Policy Research in Macroeconomics

Transforming an economic system that threatens earth’s life support systems.

Transforming an economic system that threatens earth's life support systems.

This is an excerpt from a Green New Deal Report published today, 20th September, 2019 – the day children and their supporters around the world demanded urgent action on the climate emergency. The Green New Deal Report is co-authored by PRIME’s director, Ann Pettifor, and accompanies the publication of Bill tabled in parliament by Caroline Lucas MP (Green Party) and Clive Lewis MP (Labour Party).

Momentum is growing worldwide for a comprehensive Green New Deal that will transform our economy, society, and almost every aspect of life in Britain: from the way we produce and consume energy, grow the food we eat, travel, work, and cool and heat our homes.

An economic system that has driven us to disaster.

For more than fifty years the global economy has endured frequent and recurring financial crises, debt inflations and deflations, economic slumps and booms, volatility and instability. While economic activity has expanded it has increasingly become commodified, privatised and marketised. This economic expansion (often defined as ‘growth’ by economists) has been driven by easy (deregulated) and costly credit; credit that is created effortlessly but demands high rates of return (interest) and is highly extractive. Deregulated credit that has been used to expand production and consumption on a global scale. This expansion has led to intensified exploitation of both people and of the Earth’s finite resources.

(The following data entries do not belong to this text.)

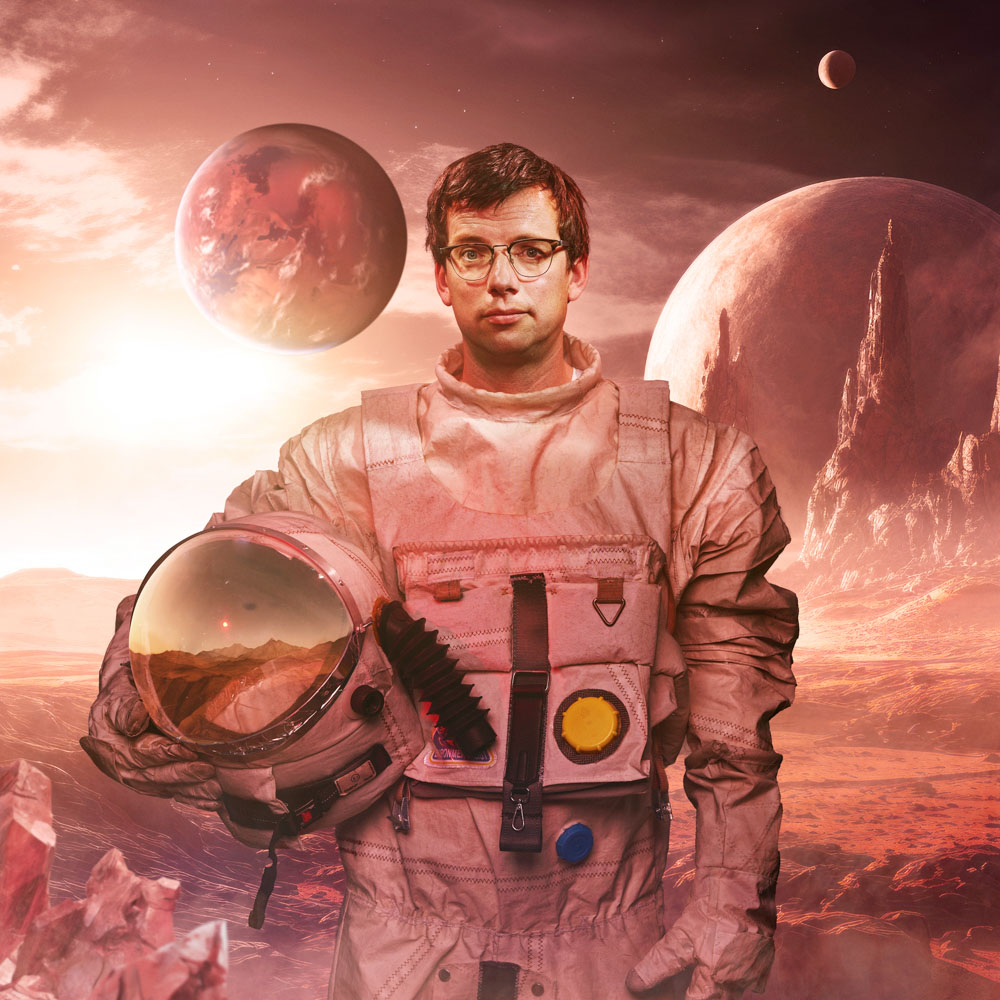 Pieter Derks in ruimtepak met helm in hand op buitenaardse planeet.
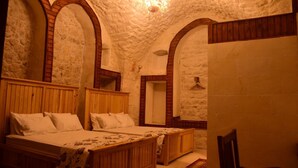 Quarto com duas camas de madeira, uma cadeira de madeira e uma parede de pedra.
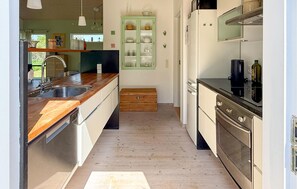 A kitchen with wooden countertops, stainless steel appliances, and a green cabinet. - Amazing home in Stege with sauna (Stege)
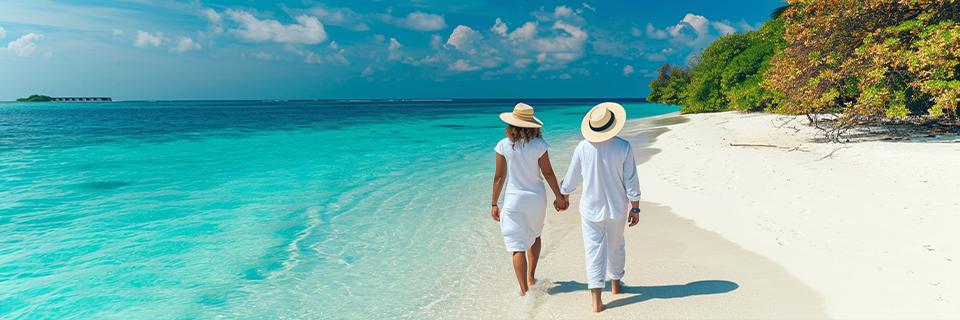 A couple of EB5 conditional green card holders walking by the sea on a vacation.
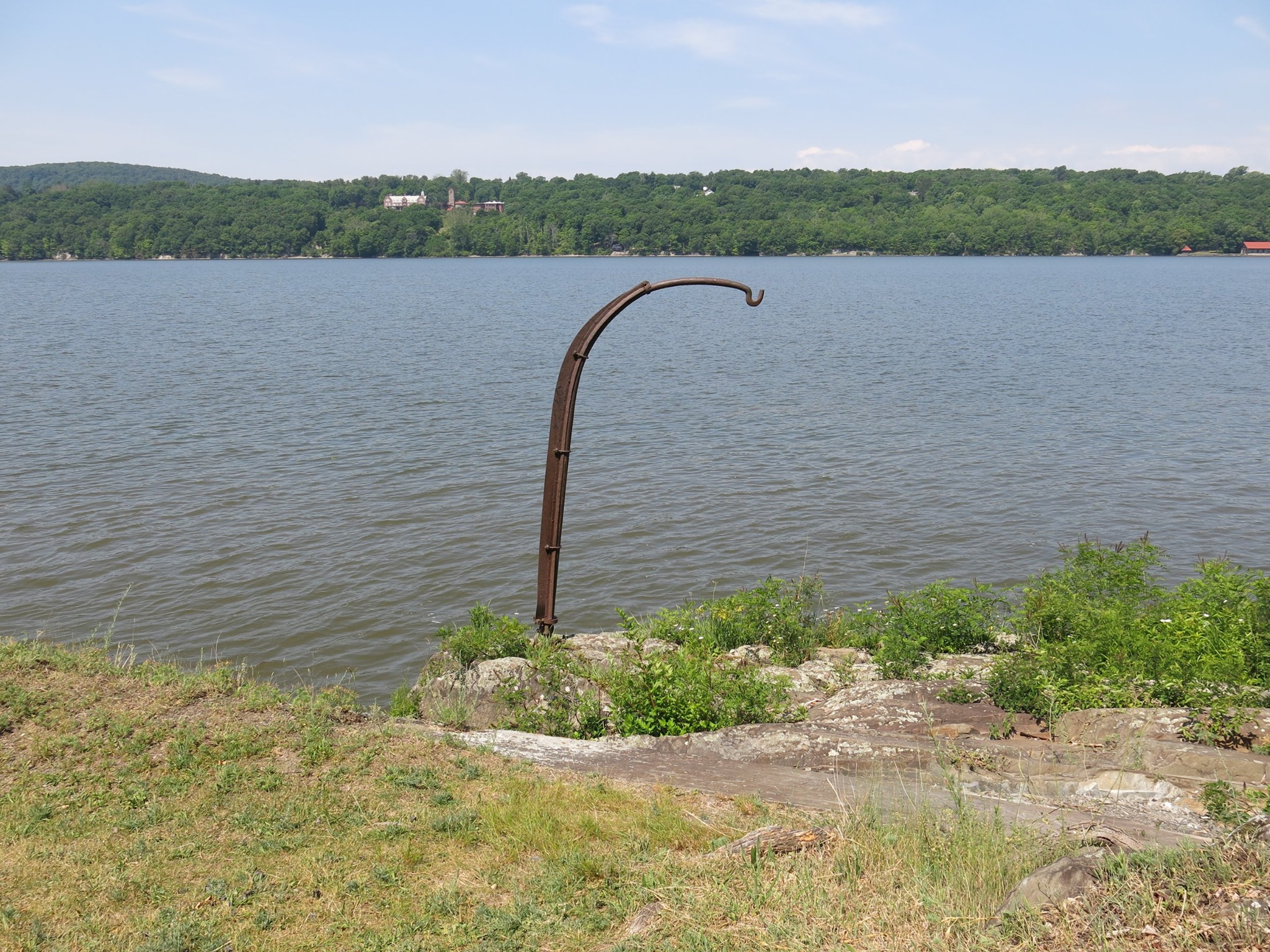 The boat hook at Bard Rock A metal hook stands on a rocky shoreline of a river. Buildings are visible across the river.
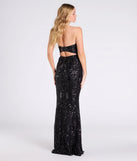 Turn heads at Prom 2025 in this black prom dress, where statement-making details meet the iconic style of the Barbara Strapless Slit Mermaid Sequin Formal Dress.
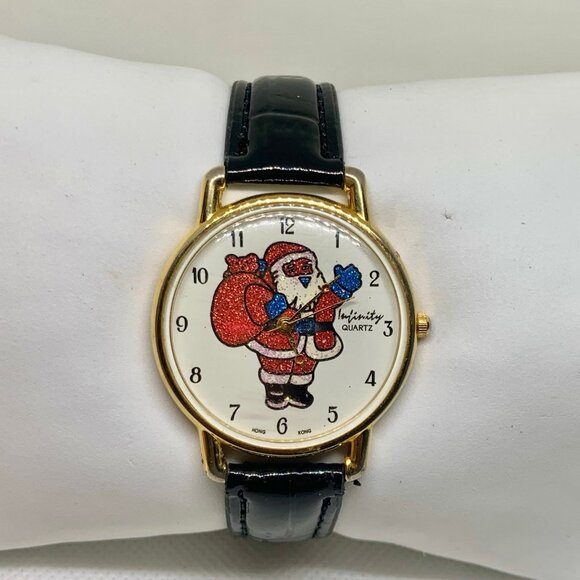 Vintage infinity Santa dial wrist watch gold tone 35mm round quartz running - Picture 1 of 8
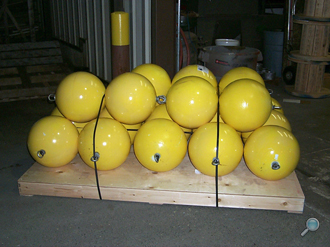 Plastic floats packaged with optional yellow paint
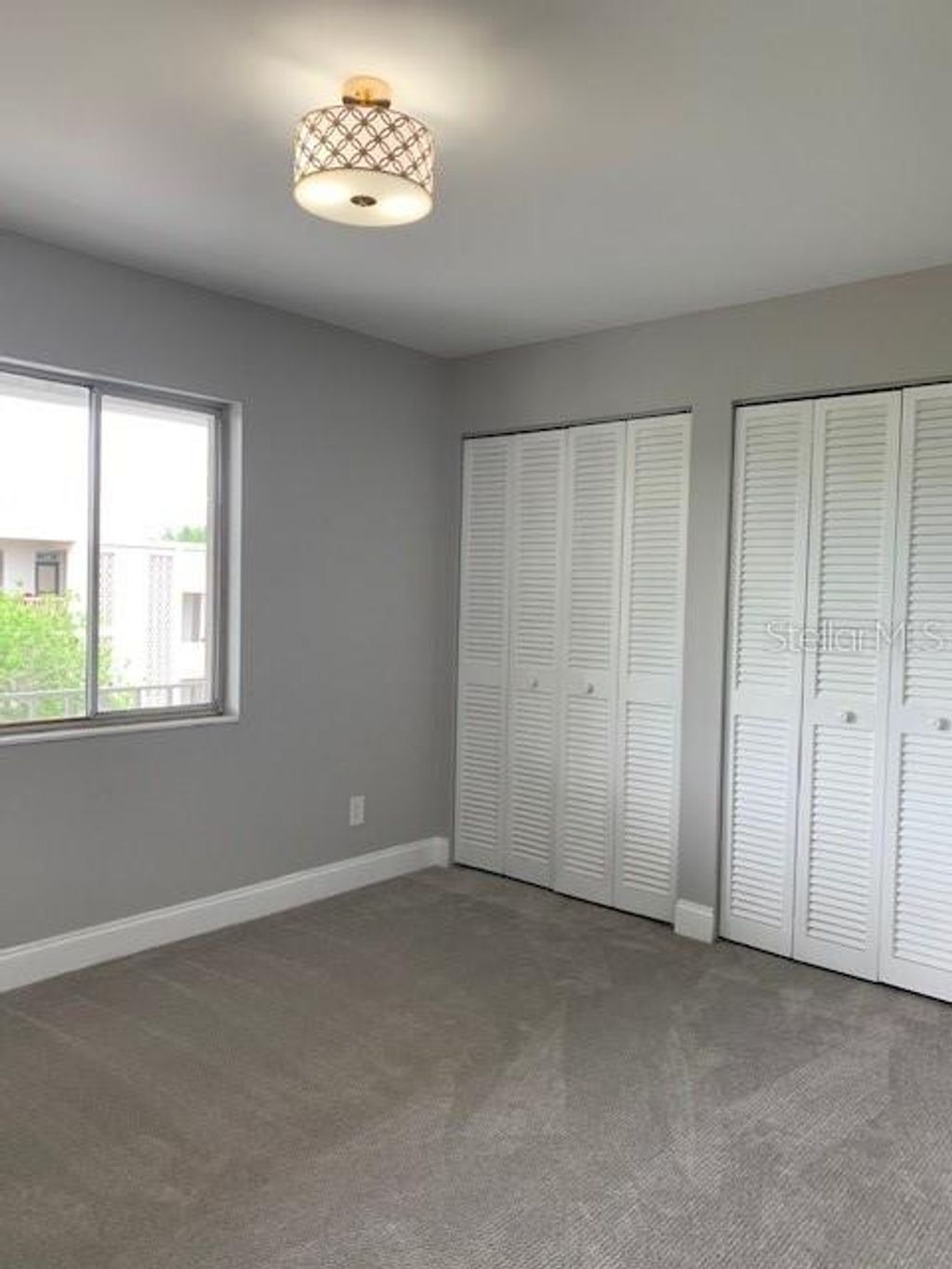 Photo of 1250 S Denning Drive #208, Winter Park, FL 32789 (MLS # O6368688)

Since the 1960s, the interests of private wealth, represented by Wall Street and the city of London, have, by corrupting democratic political processes and enforcing financial deregulation and increased globalisation, effectively usurped the role of democratic governments in managing both the international economy, but also domestic economies. As Alan Greenspan, once governor of the US federal reserve noted, the world is now governed by markets – or more precisely, by private individuals active in global capital markets. “national security aside, it hardly makes any difference who will be the next President”, he once said.7 The globalised economy is now effectively governed by a small group of speculators in the private finance sector. They decide whether capital should flow in or out (with sudden stops and starts) from an economy; what the value of a nation’s currency should be; what rates of interest should prevail – and which governments should be supported or attacked and destabilised.

As a result, our economies are now effectively governed by private, not public authority; the direction set by Wall Street and the city of London and not managed by elected, democratic governments. This has led – as the deregulated international system did in the 1920s and 30s – to political insurgencies across the world, as restless populations demand protection from the ruthless exploitation of market forces. Economies are stricken with deprivation, unemployment and under-employment, low wages coupled with obscenely high levels of wealth and levels of inequality, severe political tensions, trade wars and the rise of right-wing extremism and authoritarianism in all the major economies – in the global north and the global south. Again, as in the 1930s, there is everywhere fear of more wars – fought now with remote, sophisticated, and hugely destructive weapons.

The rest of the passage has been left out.